По приезде на Инту я вновь встретился со своим знакомым из Оперотдела, и тот мне сказал: «Все благополучно. Вы можете еще съездить в Ленинград, только не бывайте у Чертоусова: и вам будет хуже, и ему». Меня поразило, что он назвал фамилию Чертоусова: от меня о пребывании в Ленинграде он подробностей не слышал.
Воспользоваться снисходительностью Оперотдела мне, однако, больше не пришлось: на следующий год меня вызвали и дали расписаться на бумажке в половину тетрадного листа в том, что я осужден на вечное поселение в районах Крайнего Севера нашей страны. Тут же было указано, что побег из ссылки карается двадцатью годами каторги, лица же, способствующие побегу, осуждаются на пять лет ИТЛ. Последнее особенно тревожило: ясно, что «способствовавшими» будут считать прежде всего мою семью. С тех пор я стал бояться, что заблужусь в лесу или утону в болоте, потому что мое исчезновение сочтут Побегом, и жену и дочь посадят в лагерь (в то время уголовной ответственности подлежали дети с двенадцати лет). Возможностей же утонуть в болоте было много. Когда-то в походе за морошкой мы далеко зашли в лесотундру и на обратном пути попали в такую полосу болот, из которой не знали, как выбраться. Я пошел через участок, казавшийся мне надежным, но в одном месте порвал травяной покров, выступила вода, и жене с дочкой было уже не прейти. К счастью, удалось отыскать небольшое поваленное дерево и положить его в опасном месте, чтобы перейти как по мосту.

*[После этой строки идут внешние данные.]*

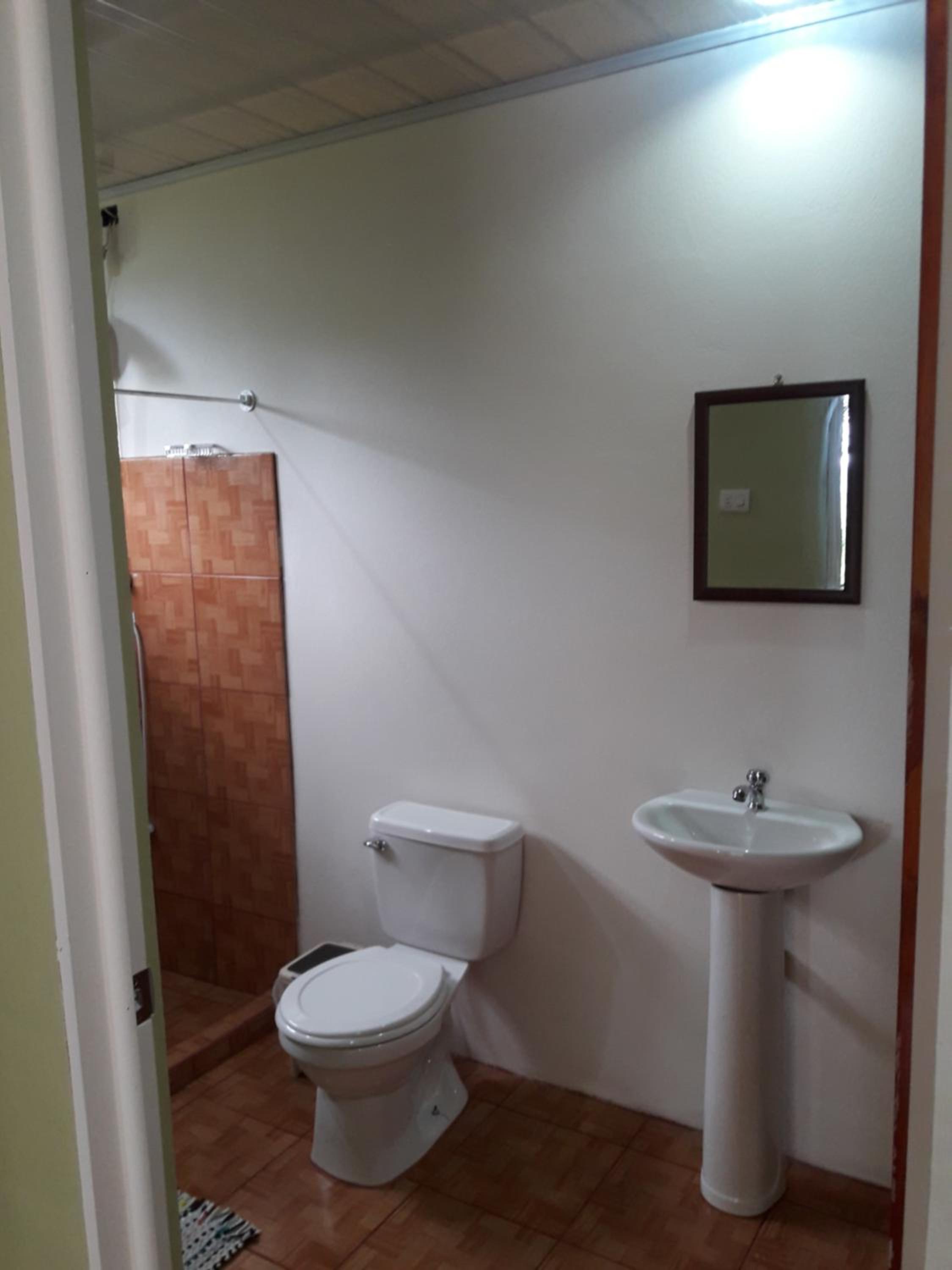 Family Room with Private Bathroom photo 3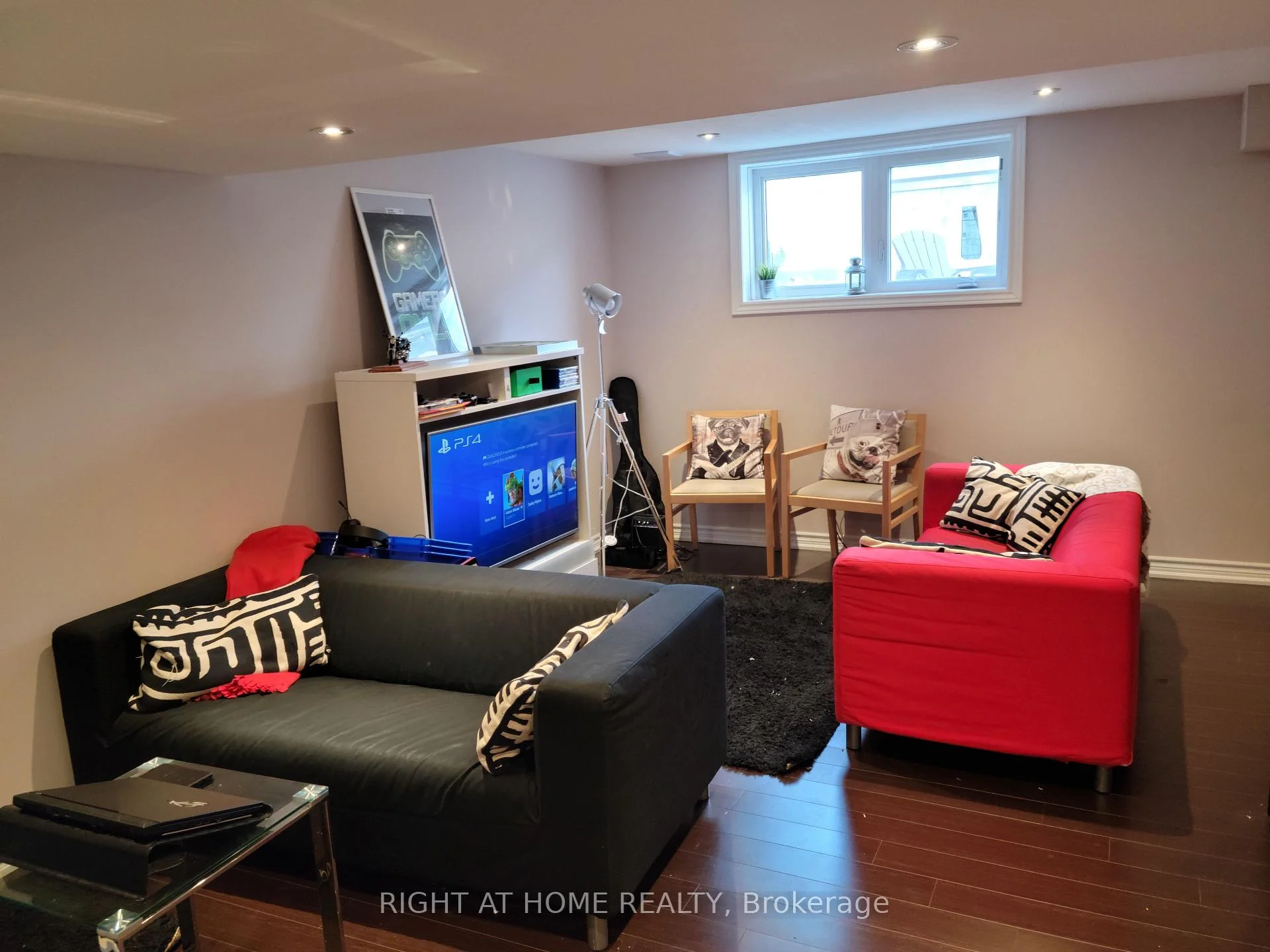 Photo 31 of 1650 Copeland Circle, Milton, Clarke — HOMEH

Пропадали в болоте и более опытные люди. У нас был собаковод Осипов, коми по национальности, привыкший к лесам и болотам, который пошел со своей любимой собакой на охоту. Через час собака прибежала домой одна. Тревожно лая, она скулила и тянула людей в лес. Встревоженные поведением собаки, люди пошли за ней. Она привела их к болоту, на котором чернел участок нарушенного покрова, выступила вода, и на воде плавала фуражка Осипова. Люди вернулись домой, собака осталась в лесу.
Охраняли нас, ссыльных, бдительно. Чтобы проводить жену и дочку до железнодорожной станции, находившейся в шести километрах от Сангородка, требовалось брать специальное разрешение. Дважды в месяц ходили на отметку.
Реабилитировали меня в мае 1957 года.
Еще два года ушло на то, чтобы вырваться из номенклатуры и вернуть жилплощадь в Ленинграде. Началось с того, что Ленинградский жилотдел отказал мне в ней на основании того, что я обеспечен площадью в г. Инта. Я написал в Верховный Совет РСФСР, что не хочу жить там, где был в заключении и ссылке. Указание же на то, что я обеспечен жилплощадью в Инте, не довод для отказа, так как я был обеспечен жилплощадью и в тюрьме. Ответ был положительным, площадь мне вернули.
В Ленинград я возвратился в 1959 году, через 23 года после ареста, получил положенную мне за них компенсацию в размере двухмесячной зарплаты с места прежней работы и окончательно завершил этим свою северную одиссею.
Так закончился для меня затянувшийся кошмар параллельного мира. Мира, который, увы, продолжает существовать.